Cyprus’s plans to launch oil and gas exploration in the eastern Mediterranean has triggered strong opposition from rival Turkish Cypriots, who say it could revive tensions on the ethnically partitioned island.
The internationally recognized Greek-Cypriot government is to open tenders for offshore licensing agreements on February 15, the first of its kind. Turkish Cypriots, who run an unrecognized breakaway state in northern Cyprus, say Greek Cypriots are claiming all the potential benefits for themselves.
“We are partners in everything that goes on in Cyprus and will not allow our interests to be harmed,” Turkish-Cypriot leader Mehmet Ali Talat was quoted as telling the Cyprus Dialogue weekly newspaper yesterday.
Cyprus signed agreements with Egypt in 2005, and Lebanon in early January delineating the sea boundaries between them. There are 11 offshore blocks that fall in Cyprus’s territory, and companies will be asked to bid for seismic data charted from the area when tenders open next month.
Previous studies have suggested the seas around Cyprus could contain unproven reserves of between 6 and 8 billion barrels of crude with an estimated value of $400 billion.

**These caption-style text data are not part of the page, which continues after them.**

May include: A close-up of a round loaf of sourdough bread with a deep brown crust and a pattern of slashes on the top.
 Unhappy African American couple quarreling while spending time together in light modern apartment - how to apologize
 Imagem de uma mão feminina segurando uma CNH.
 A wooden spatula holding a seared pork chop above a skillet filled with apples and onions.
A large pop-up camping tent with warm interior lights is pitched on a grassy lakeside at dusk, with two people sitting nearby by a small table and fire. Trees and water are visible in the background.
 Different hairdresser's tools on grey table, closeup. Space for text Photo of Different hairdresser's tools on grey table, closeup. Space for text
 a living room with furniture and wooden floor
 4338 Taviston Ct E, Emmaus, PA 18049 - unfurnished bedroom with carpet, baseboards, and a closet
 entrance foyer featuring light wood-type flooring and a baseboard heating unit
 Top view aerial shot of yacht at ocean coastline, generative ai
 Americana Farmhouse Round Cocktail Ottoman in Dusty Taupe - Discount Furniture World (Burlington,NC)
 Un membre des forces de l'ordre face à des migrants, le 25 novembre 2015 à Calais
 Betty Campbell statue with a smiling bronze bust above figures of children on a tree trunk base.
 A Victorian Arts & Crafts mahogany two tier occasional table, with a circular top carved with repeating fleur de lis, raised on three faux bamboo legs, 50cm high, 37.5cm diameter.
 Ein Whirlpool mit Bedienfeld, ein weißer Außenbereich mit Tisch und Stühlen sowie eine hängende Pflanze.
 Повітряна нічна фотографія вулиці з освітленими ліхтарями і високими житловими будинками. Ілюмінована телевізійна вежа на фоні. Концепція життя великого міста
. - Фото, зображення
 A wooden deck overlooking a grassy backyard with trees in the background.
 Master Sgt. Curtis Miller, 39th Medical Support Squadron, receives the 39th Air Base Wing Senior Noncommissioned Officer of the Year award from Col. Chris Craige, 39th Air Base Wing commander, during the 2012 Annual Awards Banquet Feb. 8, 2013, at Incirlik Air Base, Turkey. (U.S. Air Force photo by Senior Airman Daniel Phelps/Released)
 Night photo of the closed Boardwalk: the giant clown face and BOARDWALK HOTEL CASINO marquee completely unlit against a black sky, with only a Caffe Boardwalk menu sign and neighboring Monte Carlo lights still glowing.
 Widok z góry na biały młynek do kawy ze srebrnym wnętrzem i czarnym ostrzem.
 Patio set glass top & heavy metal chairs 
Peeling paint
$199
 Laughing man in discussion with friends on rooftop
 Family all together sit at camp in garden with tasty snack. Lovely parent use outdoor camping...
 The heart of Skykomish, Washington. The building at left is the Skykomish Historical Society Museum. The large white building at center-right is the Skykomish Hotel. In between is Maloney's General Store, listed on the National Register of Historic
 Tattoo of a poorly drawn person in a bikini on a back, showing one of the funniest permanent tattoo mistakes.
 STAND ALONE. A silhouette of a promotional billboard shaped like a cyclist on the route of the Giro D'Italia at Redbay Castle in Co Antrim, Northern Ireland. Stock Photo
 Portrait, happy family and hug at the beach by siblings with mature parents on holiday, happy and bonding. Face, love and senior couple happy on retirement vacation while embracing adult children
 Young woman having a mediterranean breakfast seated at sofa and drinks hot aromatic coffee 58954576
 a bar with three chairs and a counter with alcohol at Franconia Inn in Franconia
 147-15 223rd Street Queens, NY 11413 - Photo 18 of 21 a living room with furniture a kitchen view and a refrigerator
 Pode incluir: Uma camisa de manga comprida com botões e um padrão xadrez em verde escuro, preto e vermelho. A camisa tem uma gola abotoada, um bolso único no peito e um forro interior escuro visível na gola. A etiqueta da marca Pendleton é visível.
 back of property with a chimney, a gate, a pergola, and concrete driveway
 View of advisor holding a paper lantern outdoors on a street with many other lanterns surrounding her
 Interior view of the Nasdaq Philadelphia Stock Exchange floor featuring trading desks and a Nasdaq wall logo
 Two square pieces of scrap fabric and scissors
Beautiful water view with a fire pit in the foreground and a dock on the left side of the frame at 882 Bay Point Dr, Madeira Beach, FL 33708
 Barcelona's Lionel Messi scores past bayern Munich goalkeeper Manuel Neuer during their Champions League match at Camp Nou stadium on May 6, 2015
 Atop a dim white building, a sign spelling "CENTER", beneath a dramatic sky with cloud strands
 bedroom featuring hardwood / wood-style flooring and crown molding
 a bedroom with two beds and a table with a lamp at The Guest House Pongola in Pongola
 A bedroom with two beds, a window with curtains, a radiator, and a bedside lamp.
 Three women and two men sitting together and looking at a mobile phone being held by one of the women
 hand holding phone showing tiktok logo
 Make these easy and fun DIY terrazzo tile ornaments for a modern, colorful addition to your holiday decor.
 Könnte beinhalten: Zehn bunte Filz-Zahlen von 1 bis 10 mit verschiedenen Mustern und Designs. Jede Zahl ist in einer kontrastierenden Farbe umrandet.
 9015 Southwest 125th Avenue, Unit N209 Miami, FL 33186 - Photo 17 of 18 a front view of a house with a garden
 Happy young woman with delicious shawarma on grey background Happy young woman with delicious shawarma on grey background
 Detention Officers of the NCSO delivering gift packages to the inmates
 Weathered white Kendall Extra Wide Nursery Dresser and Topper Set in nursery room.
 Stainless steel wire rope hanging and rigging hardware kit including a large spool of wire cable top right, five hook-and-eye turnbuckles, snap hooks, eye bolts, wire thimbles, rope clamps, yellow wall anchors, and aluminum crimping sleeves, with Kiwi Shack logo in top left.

Authorities say the preliminary data gives “encouraging” signs of hydrocarbons on the Mediterranean seabed.
Talat said he had communicated the unease of Turkish Cypriots about the agreements to Lebanon and Egypt. “If Lebanon and Egypt decide to put into force those secret agreements, they must know this will raise tensions,” he said.
There is no oil or gas exploration in the immediate vicinity of Cyprus, reliant on imported fossil fuels which meet some 92 percent of its energy needs.
Cyprus has been tightlipped about its hydrocarbon exploration plans for months, citing reasons of national interest.
“The Republic of Cyprus is a sovereign state, a member of the UN and the EU, and its actions are within the sovereign rights of this state,” Greek-Cypriot Commerce Minister Antonis Michaelides said.